▶ Extracted material:
**********

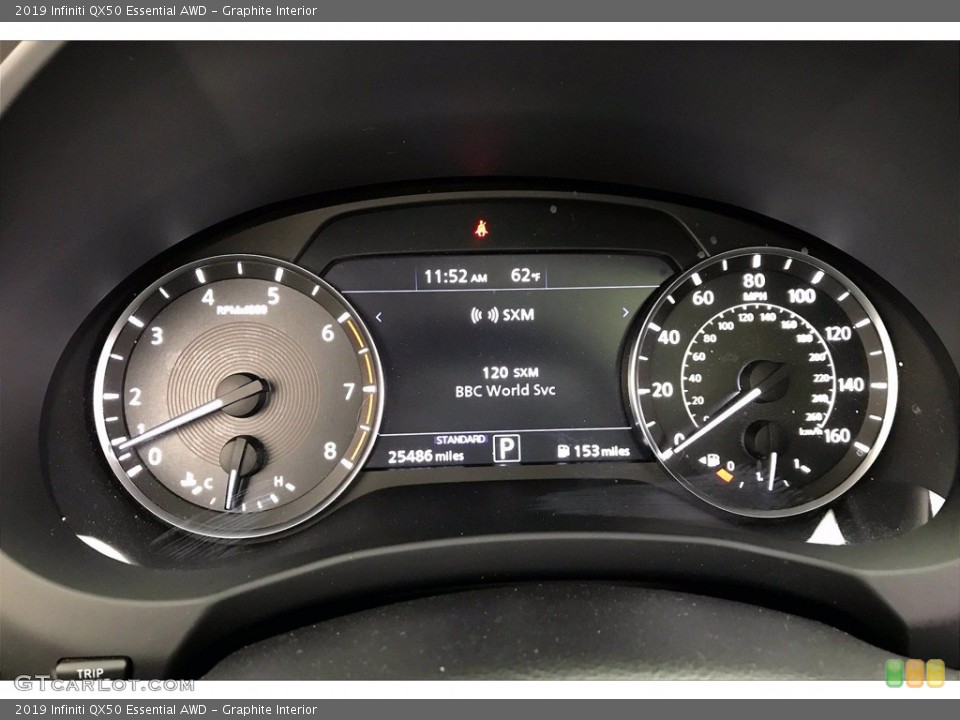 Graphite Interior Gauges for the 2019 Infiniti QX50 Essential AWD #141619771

**********

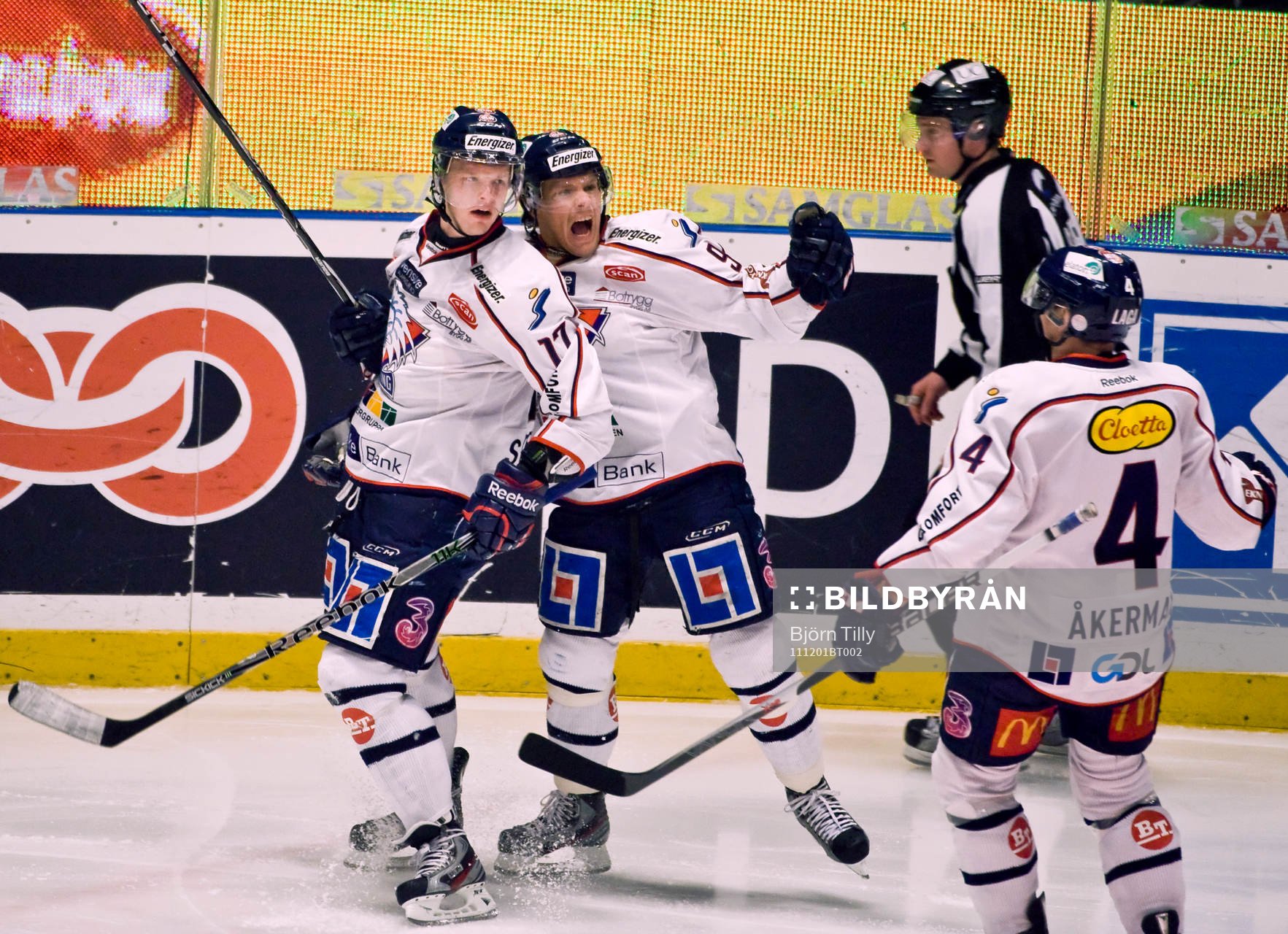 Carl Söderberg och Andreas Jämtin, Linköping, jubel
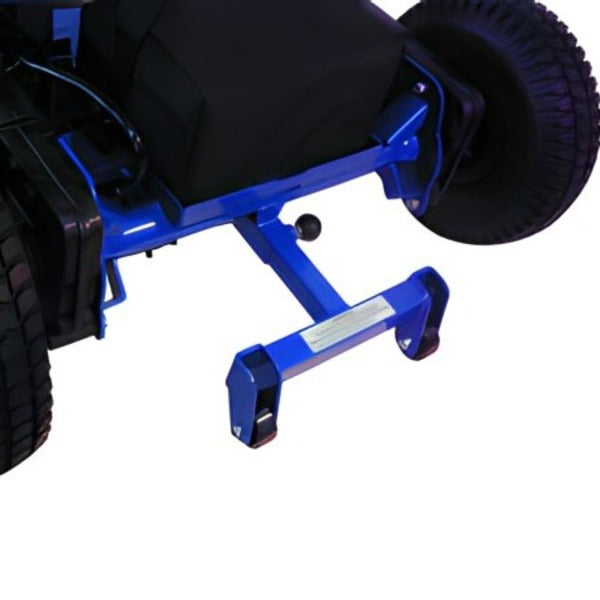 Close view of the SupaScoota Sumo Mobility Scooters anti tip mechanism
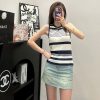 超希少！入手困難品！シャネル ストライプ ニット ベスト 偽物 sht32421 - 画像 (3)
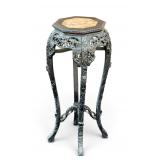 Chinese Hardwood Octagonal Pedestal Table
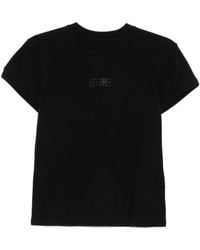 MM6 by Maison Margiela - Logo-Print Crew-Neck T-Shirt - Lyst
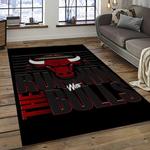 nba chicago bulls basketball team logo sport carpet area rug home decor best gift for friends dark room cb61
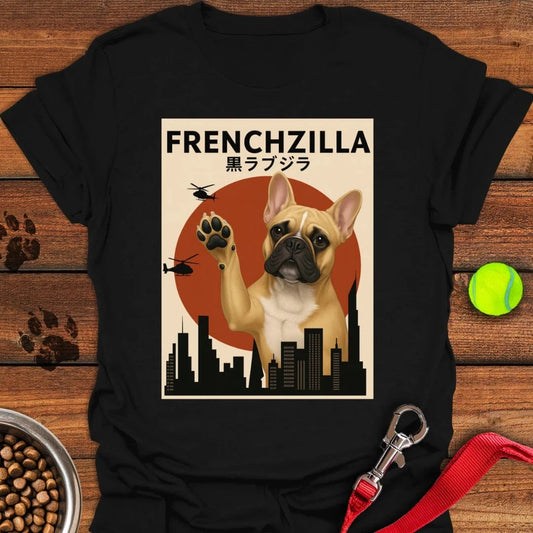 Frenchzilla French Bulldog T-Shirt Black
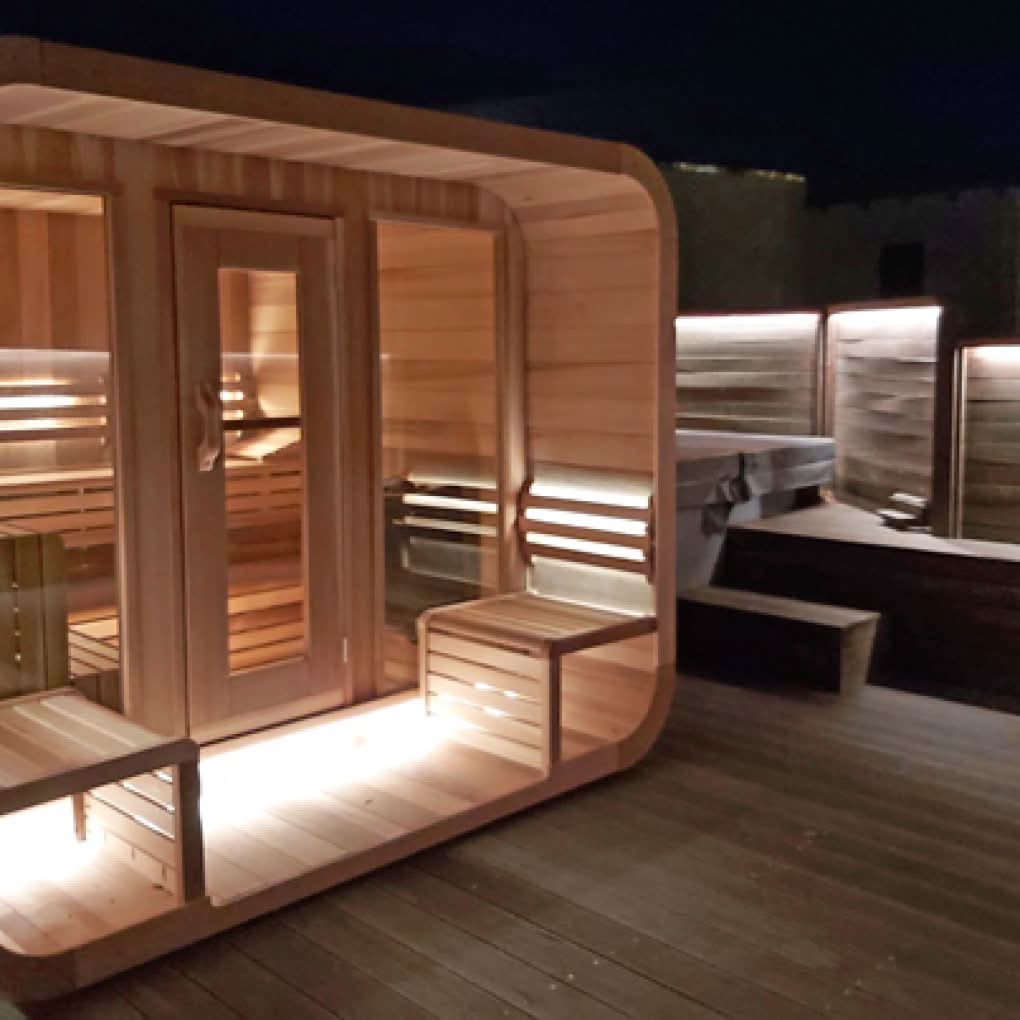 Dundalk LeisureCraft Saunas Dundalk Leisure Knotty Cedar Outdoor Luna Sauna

**********

▶ Task details: Above are the records. Copy word for word only their lines from the one holding "MM6 by Maison" through the one holding "Dundalk LeisureCraft Saunas", both included, and skip the images.

▶ Exercise response:
 MM6 by Maison Margiela - Logo-Print Crew-Neck T-Shirt - Lyst
 nba chicago bulls basketball team logo sport carpet area rug home decor best gift for friends dark room cb61
 Frenchzilla French Bulldog T-Shirt Black
 Dundalk LeisureCraft Saunas Dundalk Leisure Knotty Cedar Outdoor Luna Sauna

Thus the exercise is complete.